Thoughts on Writing Code for Money - vlucas
http://samsoff.es/posts/thoughts-on-writing-code-for-money

======
muhfuhkuh
I'm a writer. I write technical manuals for a living, and prose (essays, blog
entries, fiction) as an avocation. I know how to separate writing for pay and
writing for the love of it.

I also write code, so I do know how intellectually intertwined coding and
writing as pursuits can be; I also know that doing anything for pay can not
and should not _ever_ be compared to creating a child. It's just offensive to
everyone involved.

That said, here's the real takeaway from all this: I know my work (whether
it's a UINavigationController or a chapter on configuring a firewall for port
forwarding) is not a part of me; it's a gig.
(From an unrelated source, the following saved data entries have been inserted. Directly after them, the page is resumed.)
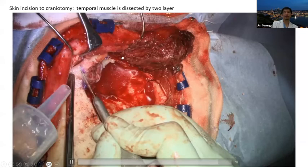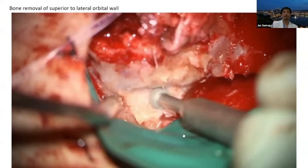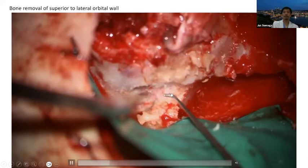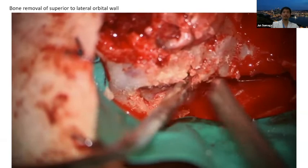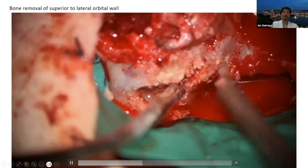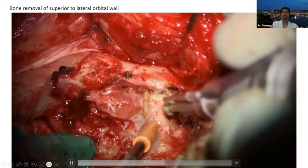Then we move on to the microscope — or recently the exoscope. The first important thing is to start with drilling of the orbital roof near the superior orbital fissure. This area is very safe because the periorbita and bone are not attached here. The lateral part of the periorbita is strongly adhered to the bone, so sometimes that part comes away. Nowadays I use the exoscope, so the lower angle is easily achieved.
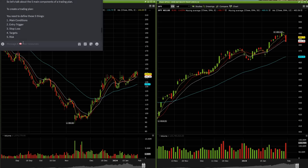To create a trading plan, you basically want to understand the main conditions of the market — what's actually going on and how it relates to what you're looking at. Two, you need some sort of entry trigger, which is gonna be what your actual setup is. Number three, your stop loss — which is where you're actually gonna be placing your stop — the targets on that trade, and risk. In general, you want a three to one risk reward ratio.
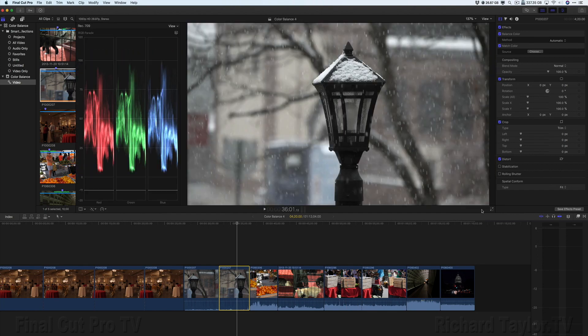So there you have it, the many ways to balance color in Final Cut Pro. This is Richard Taylor. I'll see you in the next round.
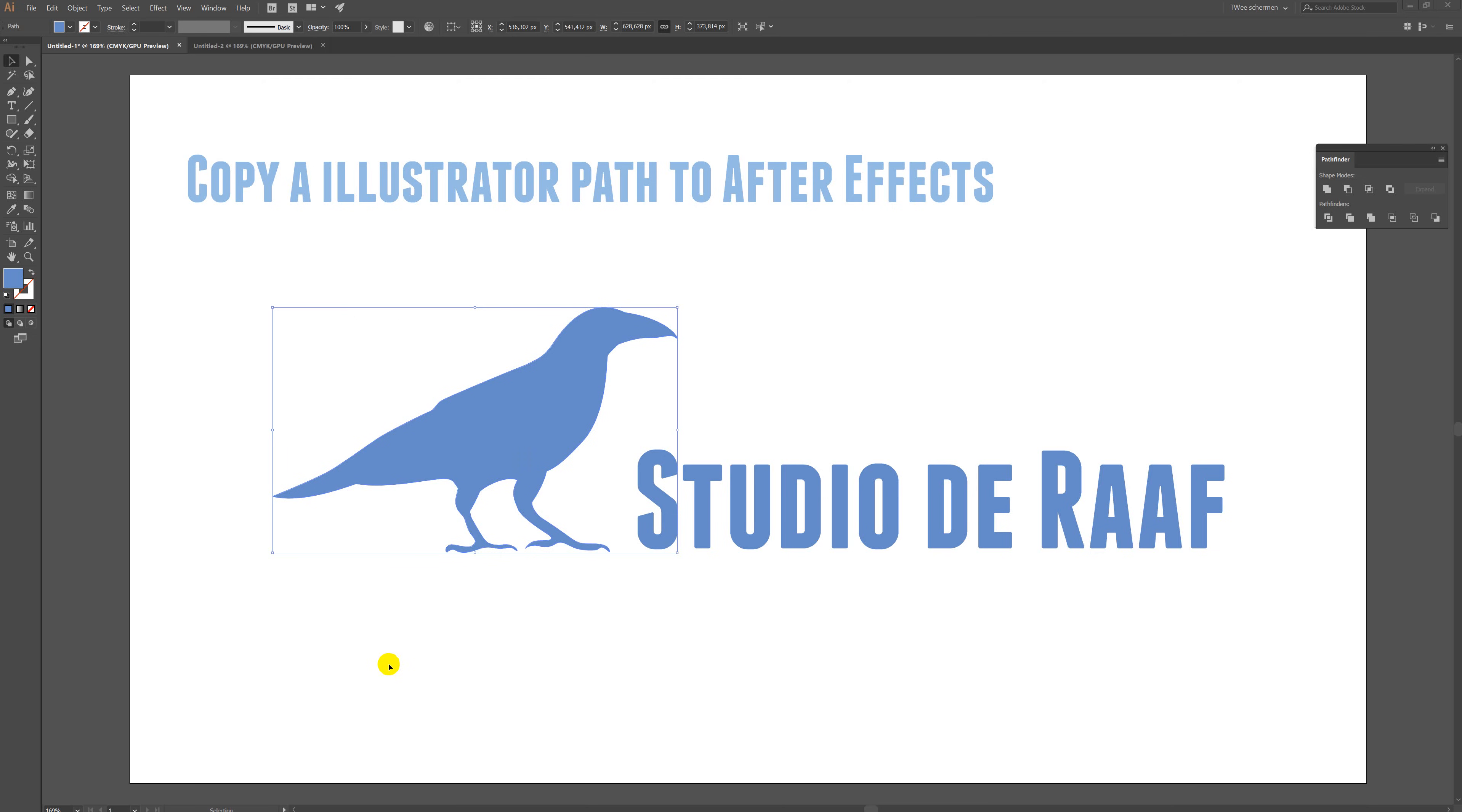Hello, my name is Chris and I'm going to show you how to copy a path out of Illustrator into After Effects, just straight away.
I've known people who have quit their job because the company they worked for
was dropping their manual from the documentation set. I mean, they were _so_
enamored with their work, they were willing to part ways over it. There are
some I work with who refuse to write documentation for other products in other
areas of their company, simply because they've "got a good thing going with
that development team". I say, "who cares?"

If you can't (or won't) distance your emotions from the work you do for
people, it's time to just do it all for yourself. Become a solopreneur working
on solutions to problems and inefficiencies you see in the marketplace, like
patio11 did in the bingo card industry. That'll be the only way you'll be
truly free of self-confliction.